High price of shrimp linked to water pollution: study

A new study shows that a low-oxygen water problem called hypoxia is related to the climbing price of seafood, such as big-sized shrimp (AFP Photo/Brendan Smialowski)

Miami (AFP) - The price of big-sized shrimp can rise as a direct result of pollution from fertilizers that cause dead zones in coastal waters, US researchers said Monday.

The study in the Proceedings of the National Academy of Sciences is the first to show how a low-oxygen water problem called hypoxia is related to the climbing price of seafood.
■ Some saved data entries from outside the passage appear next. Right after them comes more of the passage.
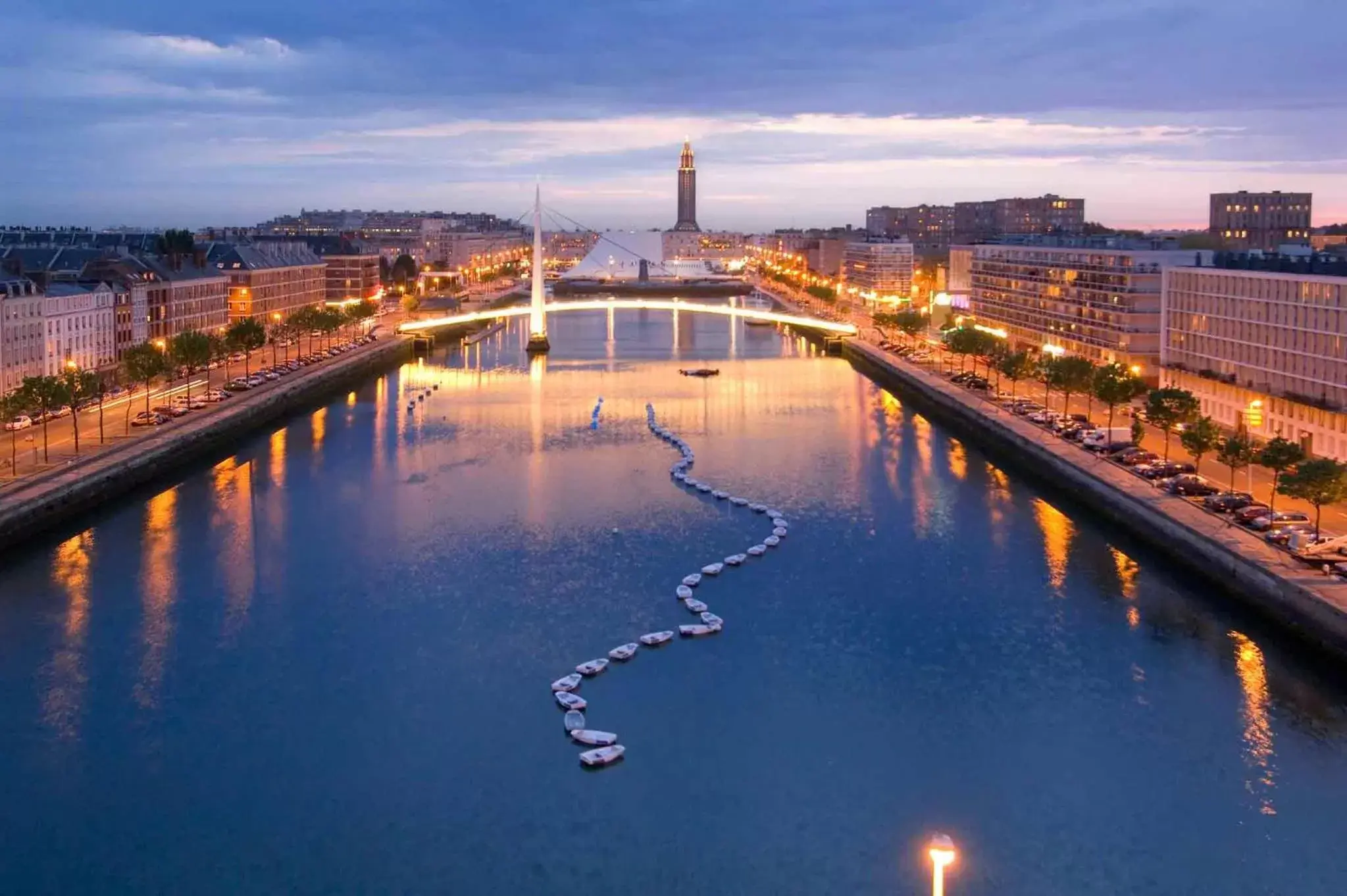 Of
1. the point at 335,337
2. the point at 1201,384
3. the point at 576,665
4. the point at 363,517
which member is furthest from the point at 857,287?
the point at 576,665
"Many studies have documented the ecological impacts of hypoxia, but establishing a clear causal link to economic losses in affected fisheries has been elusive," said lead author Martin Smith, professor of environmental economics at Duke University.

"Our study does this by showing how seasonal hypoxia off the Louisiana and Mississippi coasts drives monthly fluctuations in market prices in the Gulf brown shrimp fishery, a major fishery that was once the most valuable in America."
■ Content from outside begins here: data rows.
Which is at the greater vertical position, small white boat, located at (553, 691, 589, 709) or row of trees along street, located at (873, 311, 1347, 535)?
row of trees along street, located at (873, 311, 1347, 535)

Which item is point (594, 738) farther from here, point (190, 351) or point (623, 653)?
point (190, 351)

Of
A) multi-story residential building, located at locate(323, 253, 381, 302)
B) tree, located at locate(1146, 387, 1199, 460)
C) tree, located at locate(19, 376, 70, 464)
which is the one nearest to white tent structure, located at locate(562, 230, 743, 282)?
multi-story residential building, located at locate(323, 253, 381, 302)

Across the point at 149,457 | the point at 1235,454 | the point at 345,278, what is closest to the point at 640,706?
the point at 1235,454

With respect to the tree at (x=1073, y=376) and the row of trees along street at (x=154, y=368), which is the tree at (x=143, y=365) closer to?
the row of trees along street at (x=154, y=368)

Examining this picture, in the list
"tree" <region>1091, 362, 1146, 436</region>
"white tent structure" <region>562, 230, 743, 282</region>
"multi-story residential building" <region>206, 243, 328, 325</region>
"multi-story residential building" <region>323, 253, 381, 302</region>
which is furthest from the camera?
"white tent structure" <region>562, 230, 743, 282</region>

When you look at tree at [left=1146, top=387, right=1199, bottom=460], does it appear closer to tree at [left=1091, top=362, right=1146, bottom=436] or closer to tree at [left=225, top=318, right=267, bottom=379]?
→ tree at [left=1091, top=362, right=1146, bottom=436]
Coastal hypoxia is a worldwide problem linked to fertilizer use in agriculture.

Fertilizers raise the levels of nitrogen and phosphorus in the land, and when it rains, the runoff from inland watersheds can lead to the growth of oxygen-consuming algae offshore.

The so-called dead-zones that result can affect marine life by slowing the growth of fish and shrimp, in some cases sparking widespread die-offs.

Small shrimp become more abundant than large ones, and the price of big shrimp spikes, said the study, which found a recurring pattern in price hikes of Gulf of Mexico brown shrimp from 1990 to 2010.

These price hikes coincided with months when hypoxic dead zones occurred, often in late spring and summer.

"Because fishermen are catching more small shrimp and fewer large ones during these months, the price of small shrimp goes down and the price of large ones goes up, creating a short-term disturbance in the market that we can track," Smith said.

Researchers said their findings could likely be applied to other fisheries worldwide, showing that the significance of an ecological problem can be assessed in the price of affected natural resources.